Memory

25 Years Later, A Past That Is Ever-Present

 

 

Kaka Conso Al

L-R/ Al, Consolee and Kaka at a Remembrance March in South Bend, IN. 4/27/19.

I was literally naive when the annihilation of my family and one million more  Rwanda’s Tutsi started in 1994.

It all started exactly on this day, April 7, 1994. For many, this genocide is already a historical event belonging to the past. It happened a quarter century ago anyway.  But for me,  and other survivors, the genocide against the Tutsi in Rwanda is a past that is ever-present. 

No single week that goes by without nightmares and flashbacks of the horrors we have seen. And this is common to all the survivors I know. 

Every day we talk about the ones we lost. The best and short-lived moments we had lived together and the cruelty they experienced at the hands of Hutus.

They say time heals all wounds but there is not enough time in the world to heal a wound this deep. 

At first, many things did not make sense in my 10-year-old mind. I could not understand why we,  the Tutsi, were hiding,  being murdered in cold blood and our houses were burnt down while our Hutu neighbors were just living a normal life. Going to the market, bars and even celebrating weddings.

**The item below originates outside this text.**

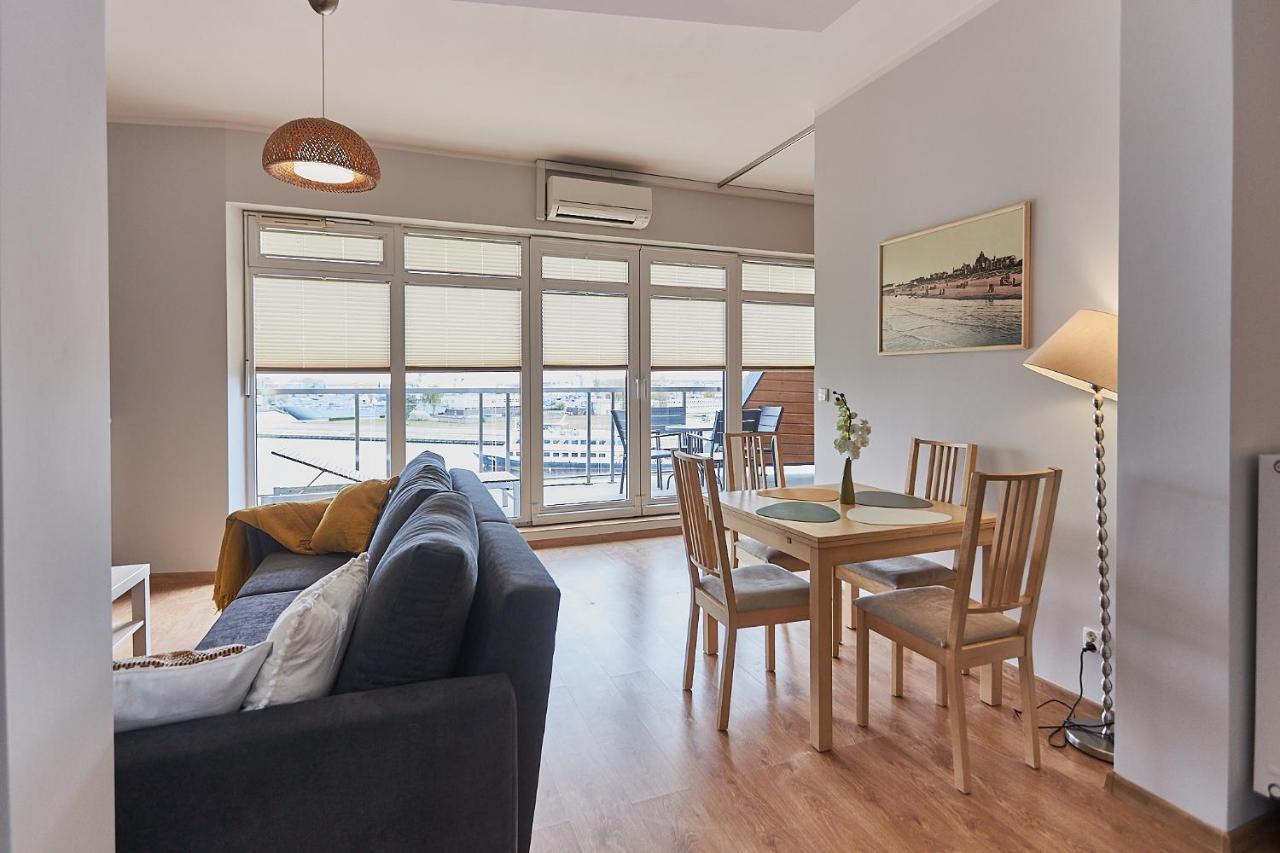 Apartamenty Swinoujscie Villa Concha Exteriör bild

But I quickly understood one thing: that being a Tutsi, or at least being identified as such, was a terrible crime punishable by horrific death. I also realized that my parents and grandparents were guilty of this crime too – the crime of having been born. A crime against the very who we were.

Fastest Genocide ever

It all happened ruthlessly and efficiently – so fast.  Checkpoints in every street intersection.  Burning of our home. Hacking our cattle. Hate radio, RTLM, sensitizing the Hutus to ‘’work’’, Machetes and whistles.  Hutu Militia Chanting: ‘’tubatsembatsembe’’ (exterminate them all), and our names were just reduced to Cockroaches and Snakes, only good for nothing other than being crushed on the head.

At the end of three months of slaughter,  my mother, my father, my three sisters including our 8-month old, my cousin, Ruzigana, who was home for spring break, my aunts, my uncles, and countless other family members were murdered. My cousin Kayitesi was in the last week of her first pregnancy and her husband Ndamage were all exterminated. Their unborn baby was not spared too. My cousin Musabeyezu and all her two children and her husband, Habyarimana–No one survived to tell their stories.

I will spare you the details of how the Hutu butchered them. But I was there. And  I remember every single detail.  Although I was too young to comprehend the political machinery behind the genocide, I was old enough to realize its horrors.

We were experiencing a crime without a name– at least a name known to me. At the end of 100 days of extermination, over 1 million Tutsi and some Hutu moderates were slaughtered.  The United Nations and the entire world finally named the crime. It was a genocide.  5 out of 6 Tutsi who were inside Rwanda were decimated because of being Tutsi.

25 years, later, the memories are still fresh.  The genocide of Tutsi is perhaps a past. But it is a past that ultimately never goes away.